TASK DIRECTIONS
Search each line below for the word "jpeg" and list those that contain it.

****

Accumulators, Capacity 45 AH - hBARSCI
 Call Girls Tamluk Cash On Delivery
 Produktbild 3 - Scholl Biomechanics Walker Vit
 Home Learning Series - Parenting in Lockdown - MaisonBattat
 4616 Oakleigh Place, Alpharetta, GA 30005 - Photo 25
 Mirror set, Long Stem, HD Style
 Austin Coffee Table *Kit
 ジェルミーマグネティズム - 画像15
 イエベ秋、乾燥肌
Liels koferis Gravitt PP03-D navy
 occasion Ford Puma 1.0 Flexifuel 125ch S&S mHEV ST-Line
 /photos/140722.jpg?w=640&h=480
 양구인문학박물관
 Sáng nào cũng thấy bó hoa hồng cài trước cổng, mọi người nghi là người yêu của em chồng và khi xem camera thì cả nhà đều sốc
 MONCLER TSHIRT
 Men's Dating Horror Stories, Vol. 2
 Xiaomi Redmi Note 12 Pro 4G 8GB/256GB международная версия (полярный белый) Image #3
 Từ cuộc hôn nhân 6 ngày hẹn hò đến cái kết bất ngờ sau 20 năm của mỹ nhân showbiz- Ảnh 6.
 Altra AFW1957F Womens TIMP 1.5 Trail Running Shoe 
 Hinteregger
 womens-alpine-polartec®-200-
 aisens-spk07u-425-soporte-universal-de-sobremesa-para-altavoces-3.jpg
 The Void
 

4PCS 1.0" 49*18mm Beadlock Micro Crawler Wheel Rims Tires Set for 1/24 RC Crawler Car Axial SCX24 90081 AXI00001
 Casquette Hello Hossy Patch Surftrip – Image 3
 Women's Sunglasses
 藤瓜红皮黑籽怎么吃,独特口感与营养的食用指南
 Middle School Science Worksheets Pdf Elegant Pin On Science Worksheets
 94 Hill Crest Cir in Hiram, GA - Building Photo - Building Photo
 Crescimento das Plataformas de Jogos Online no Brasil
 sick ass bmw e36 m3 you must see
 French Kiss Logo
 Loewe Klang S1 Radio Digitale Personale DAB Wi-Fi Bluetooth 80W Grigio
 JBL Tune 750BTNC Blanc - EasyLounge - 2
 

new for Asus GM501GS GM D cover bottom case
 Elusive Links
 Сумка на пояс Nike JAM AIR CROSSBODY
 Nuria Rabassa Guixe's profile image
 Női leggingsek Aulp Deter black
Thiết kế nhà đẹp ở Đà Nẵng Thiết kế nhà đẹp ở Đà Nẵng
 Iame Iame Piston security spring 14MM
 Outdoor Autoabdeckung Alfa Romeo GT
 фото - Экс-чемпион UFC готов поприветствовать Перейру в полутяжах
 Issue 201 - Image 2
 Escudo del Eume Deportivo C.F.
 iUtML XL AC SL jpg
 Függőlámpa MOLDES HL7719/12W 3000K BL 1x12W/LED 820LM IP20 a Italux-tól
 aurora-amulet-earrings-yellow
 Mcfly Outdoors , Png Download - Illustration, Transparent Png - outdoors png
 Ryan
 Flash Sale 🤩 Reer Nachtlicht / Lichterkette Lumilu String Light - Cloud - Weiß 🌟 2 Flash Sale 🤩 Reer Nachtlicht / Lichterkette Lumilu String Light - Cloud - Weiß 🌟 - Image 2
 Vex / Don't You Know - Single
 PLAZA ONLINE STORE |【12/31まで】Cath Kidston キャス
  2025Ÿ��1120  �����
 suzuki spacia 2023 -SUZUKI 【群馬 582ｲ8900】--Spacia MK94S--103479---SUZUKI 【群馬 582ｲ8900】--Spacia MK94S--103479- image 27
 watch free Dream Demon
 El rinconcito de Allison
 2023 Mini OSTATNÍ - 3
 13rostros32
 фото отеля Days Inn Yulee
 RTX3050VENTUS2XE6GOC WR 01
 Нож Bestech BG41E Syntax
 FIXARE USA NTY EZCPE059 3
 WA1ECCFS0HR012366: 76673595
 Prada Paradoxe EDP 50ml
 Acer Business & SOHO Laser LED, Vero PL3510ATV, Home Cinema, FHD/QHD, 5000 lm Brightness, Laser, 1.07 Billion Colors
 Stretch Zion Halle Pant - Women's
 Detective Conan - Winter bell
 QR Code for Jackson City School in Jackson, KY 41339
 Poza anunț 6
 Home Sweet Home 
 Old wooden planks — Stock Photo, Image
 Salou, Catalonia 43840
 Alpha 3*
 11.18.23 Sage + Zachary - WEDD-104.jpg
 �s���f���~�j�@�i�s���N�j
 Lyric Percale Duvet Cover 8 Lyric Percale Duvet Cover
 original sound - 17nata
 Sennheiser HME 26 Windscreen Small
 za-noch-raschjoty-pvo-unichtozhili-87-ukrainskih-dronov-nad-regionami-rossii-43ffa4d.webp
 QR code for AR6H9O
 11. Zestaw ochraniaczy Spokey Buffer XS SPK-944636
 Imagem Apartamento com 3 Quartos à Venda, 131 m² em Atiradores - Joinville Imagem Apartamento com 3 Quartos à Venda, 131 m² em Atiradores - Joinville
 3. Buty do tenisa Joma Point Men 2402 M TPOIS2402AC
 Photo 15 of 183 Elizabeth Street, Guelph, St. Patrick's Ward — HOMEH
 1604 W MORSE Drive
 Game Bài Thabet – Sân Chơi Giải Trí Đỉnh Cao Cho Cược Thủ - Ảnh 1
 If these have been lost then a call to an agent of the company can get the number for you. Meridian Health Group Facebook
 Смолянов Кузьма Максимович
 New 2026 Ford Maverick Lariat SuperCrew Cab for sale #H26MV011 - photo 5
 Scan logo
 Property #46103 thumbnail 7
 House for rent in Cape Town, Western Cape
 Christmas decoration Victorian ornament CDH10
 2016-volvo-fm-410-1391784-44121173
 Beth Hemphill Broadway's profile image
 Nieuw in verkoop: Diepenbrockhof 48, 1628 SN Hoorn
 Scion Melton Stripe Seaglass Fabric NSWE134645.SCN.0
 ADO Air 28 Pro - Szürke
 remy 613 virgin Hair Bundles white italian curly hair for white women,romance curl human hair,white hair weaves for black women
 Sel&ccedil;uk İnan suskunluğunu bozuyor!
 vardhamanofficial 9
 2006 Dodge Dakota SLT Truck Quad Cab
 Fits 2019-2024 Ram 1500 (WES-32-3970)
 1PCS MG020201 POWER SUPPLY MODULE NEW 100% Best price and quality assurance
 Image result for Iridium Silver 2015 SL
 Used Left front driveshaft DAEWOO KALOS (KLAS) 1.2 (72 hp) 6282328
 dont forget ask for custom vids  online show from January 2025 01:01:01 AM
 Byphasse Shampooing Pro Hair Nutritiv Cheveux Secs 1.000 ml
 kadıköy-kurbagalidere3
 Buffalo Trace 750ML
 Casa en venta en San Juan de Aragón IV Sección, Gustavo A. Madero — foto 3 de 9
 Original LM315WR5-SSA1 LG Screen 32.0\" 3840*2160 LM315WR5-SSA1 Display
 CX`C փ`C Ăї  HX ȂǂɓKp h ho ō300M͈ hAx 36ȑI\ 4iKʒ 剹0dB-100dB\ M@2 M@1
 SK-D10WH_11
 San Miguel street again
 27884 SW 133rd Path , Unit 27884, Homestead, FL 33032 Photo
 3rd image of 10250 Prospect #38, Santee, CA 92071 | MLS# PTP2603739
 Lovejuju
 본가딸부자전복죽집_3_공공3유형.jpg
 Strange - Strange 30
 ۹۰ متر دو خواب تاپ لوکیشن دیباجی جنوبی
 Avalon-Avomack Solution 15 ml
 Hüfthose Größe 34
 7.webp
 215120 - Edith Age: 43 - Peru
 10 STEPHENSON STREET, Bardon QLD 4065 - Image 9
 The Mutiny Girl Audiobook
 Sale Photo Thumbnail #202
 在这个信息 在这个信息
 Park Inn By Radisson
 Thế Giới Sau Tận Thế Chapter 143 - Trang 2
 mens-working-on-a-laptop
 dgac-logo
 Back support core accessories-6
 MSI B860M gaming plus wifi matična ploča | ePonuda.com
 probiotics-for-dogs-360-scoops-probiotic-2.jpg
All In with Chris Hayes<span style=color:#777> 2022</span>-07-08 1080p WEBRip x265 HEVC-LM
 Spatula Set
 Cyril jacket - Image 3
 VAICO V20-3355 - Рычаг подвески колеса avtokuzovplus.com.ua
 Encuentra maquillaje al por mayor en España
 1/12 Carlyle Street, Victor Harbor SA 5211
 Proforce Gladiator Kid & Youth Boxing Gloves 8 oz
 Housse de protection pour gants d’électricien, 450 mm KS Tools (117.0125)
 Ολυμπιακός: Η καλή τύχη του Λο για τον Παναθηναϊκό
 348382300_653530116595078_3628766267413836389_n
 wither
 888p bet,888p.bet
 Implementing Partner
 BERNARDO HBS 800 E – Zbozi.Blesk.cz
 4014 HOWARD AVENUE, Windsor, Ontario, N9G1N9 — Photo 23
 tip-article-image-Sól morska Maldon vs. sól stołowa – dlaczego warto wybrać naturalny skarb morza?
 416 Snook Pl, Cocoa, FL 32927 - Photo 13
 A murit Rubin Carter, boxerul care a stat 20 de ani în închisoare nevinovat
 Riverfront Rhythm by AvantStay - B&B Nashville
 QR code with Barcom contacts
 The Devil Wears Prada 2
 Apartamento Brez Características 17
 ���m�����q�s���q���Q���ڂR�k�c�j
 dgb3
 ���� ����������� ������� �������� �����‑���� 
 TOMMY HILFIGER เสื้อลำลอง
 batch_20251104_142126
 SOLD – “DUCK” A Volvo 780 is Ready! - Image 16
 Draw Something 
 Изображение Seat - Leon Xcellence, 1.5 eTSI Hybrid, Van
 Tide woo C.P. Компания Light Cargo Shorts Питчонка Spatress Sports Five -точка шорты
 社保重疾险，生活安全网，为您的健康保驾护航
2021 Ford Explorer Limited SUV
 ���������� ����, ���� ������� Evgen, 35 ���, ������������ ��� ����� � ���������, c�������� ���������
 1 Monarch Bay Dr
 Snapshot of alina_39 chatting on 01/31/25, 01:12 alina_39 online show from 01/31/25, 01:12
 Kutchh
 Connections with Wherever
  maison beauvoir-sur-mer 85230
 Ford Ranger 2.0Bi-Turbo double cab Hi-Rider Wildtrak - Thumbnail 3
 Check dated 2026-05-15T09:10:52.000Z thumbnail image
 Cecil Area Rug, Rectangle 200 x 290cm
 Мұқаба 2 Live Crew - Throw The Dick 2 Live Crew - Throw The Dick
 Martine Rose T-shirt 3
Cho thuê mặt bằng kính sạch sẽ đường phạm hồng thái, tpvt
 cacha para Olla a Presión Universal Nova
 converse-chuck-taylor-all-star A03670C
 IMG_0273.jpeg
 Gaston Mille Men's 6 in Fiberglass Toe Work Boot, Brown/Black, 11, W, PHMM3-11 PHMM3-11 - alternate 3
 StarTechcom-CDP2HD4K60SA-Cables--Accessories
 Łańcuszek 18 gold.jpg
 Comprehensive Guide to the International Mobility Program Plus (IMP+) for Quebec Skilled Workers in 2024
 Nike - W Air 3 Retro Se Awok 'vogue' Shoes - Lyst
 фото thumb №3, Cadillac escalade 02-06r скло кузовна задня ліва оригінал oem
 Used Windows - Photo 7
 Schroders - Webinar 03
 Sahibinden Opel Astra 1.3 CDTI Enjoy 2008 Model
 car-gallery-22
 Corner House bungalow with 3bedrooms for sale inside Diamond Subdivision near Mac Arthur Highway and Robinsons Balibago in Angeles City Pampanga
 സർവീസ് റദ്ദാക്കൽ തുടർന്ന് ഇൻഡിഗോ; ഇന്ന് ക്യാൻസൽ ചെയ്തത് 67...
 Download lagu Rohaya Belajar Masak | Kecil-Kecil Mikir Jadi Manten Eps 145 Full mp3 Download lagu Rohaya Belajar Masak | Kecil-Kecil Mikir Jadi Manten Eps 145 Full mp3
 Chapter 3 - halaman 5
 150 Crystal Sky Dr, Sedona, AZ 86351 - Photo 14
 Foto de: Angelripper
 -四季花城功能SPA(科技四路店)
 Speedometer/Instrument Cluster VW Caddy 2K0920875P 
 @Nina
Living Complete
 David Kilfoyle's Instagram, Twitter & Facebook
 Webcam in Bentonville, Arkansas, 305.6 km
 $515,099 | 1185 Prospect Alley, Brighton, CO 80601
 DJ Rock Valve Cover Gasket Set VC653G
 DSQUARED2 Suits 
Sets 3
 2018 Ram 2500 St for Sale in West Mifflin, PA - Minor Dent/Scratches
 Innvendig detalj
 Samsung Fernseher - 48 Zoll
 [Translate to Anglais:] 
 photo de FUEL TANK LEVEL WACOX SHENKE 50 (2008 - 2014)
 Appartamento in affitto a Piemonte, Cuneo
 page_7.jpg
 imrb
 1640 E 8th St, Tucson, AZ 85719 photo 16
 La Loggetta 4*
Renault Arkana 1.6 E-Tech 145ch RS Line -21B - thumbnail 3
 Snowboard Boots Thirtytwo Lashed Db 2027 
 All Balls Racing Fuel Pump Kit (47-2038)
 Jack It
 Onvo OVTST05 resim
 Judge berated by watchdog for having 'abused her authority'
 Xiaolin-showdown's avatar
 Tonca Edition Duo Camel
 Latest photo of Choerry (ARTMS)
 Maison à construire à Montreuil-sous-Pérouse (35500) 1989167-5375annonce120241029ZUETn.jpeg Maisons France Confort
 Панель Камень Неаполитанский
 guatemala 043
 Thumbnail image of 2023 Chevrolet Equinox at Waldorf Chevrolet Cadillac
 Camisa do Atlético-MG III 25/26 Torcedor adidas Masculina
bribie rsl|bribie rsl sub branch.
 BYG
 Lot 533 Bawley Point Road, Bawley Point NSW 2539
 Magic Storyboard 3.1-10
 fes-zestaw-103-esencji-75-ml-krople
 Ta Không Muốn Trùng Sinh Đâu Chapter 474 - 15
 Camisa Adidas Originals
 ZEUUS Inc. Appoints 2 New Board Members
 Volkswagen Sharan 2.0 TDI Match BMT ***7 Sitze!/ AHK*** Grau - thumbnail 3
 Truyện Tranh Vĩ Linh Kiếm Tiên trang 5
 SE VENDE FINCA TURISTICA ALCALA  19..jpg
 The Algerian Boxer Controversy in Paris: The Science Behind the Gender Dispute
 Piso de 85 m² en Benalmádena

****

RESULT
 IMG_0273.jpeg
 Maison à construire à Montreuil-sous-Pérouse (35500) 1989167-5375annonce120241029ZUETn.jpeg Maisons France Confort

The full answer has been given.